§ What you are asked to do
Without copying any picture, transcribe exactly the lines of the data below from the one containing "Guinness mid strength showcard (nos)" through the one containing "#手工制作#我的男粉丝又催我更新女友小零食了".

§ Dataset
◇ ◇ ◇ ◇ ◇ ◇ ◇

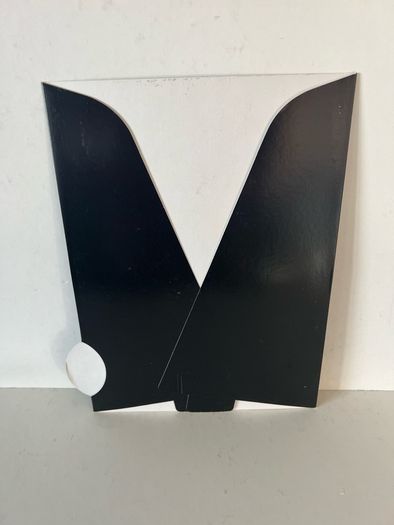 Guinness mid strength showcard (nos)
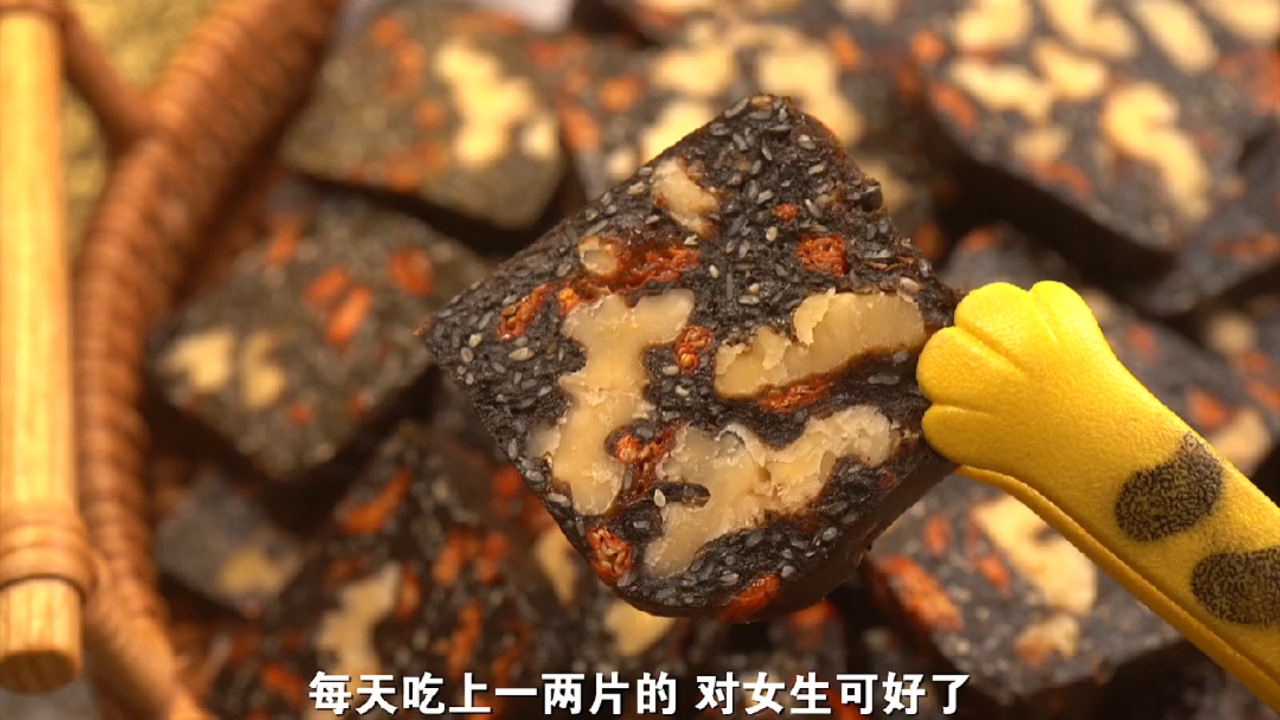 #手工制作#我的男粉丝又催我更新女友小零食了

◇ ◇ ◇ ◇ ◇ ◇ ◇

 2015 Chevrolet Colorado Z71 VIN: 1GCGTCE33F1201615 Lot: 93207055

◇ ◇ ◇ ◇ ◇ ◇ ◇

§ Exercise solution
 Guinness mid strength showcard (nos)
 #手工制作#我的男粉丝又催我更新女友小零食了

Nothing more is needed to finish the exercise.